■ **Task brief**:
Would you repeat word for word the lines of the listing that follows, from the one with "small excavator on" up to and including the one with "Shoriful Islam (left)", and leave out the images?

■ **Supplied material**:
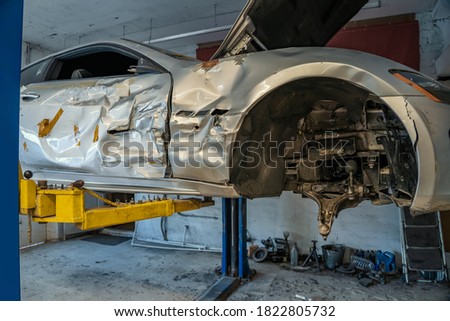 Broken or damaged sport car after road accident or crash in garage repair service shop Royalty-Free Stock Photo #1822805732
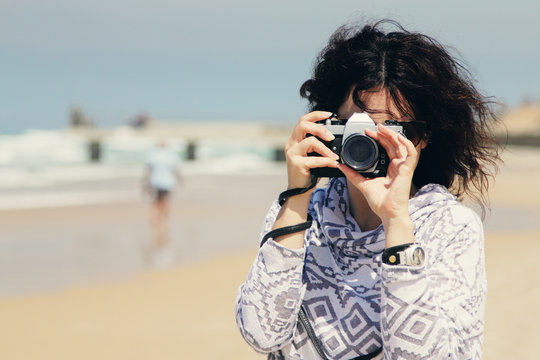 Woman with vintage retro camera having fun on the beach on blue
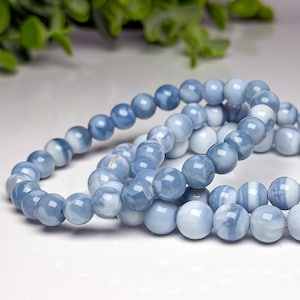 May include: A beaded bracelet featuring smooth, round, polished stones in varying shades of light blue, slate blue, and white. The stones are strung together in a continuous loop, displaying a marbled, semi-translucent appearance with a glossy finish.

---

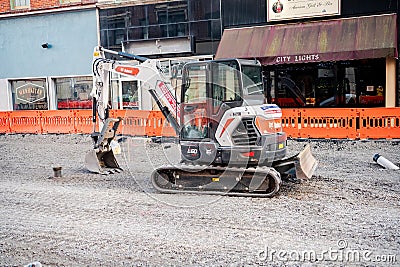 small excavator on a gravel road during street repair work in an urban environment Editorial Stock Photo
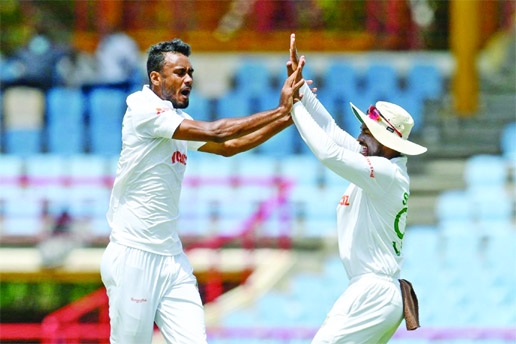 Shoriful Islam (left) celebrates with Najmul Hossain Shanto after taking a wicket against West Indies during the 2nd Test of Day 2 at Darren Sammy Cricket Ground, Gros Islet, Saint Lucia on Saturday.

■ **Result of this task**:
 small excavator on a gravel road during street repair work in an urban environment Editorial Stock Photo
 Shoriful Islam (left) celebrates with Najmul Hossain Shanto after taking a wicket against West Indies during the 2nd Test of Day 2 at Darren Sammy Cricket Ground, Gros Islet, Saint Lucia on Saturday.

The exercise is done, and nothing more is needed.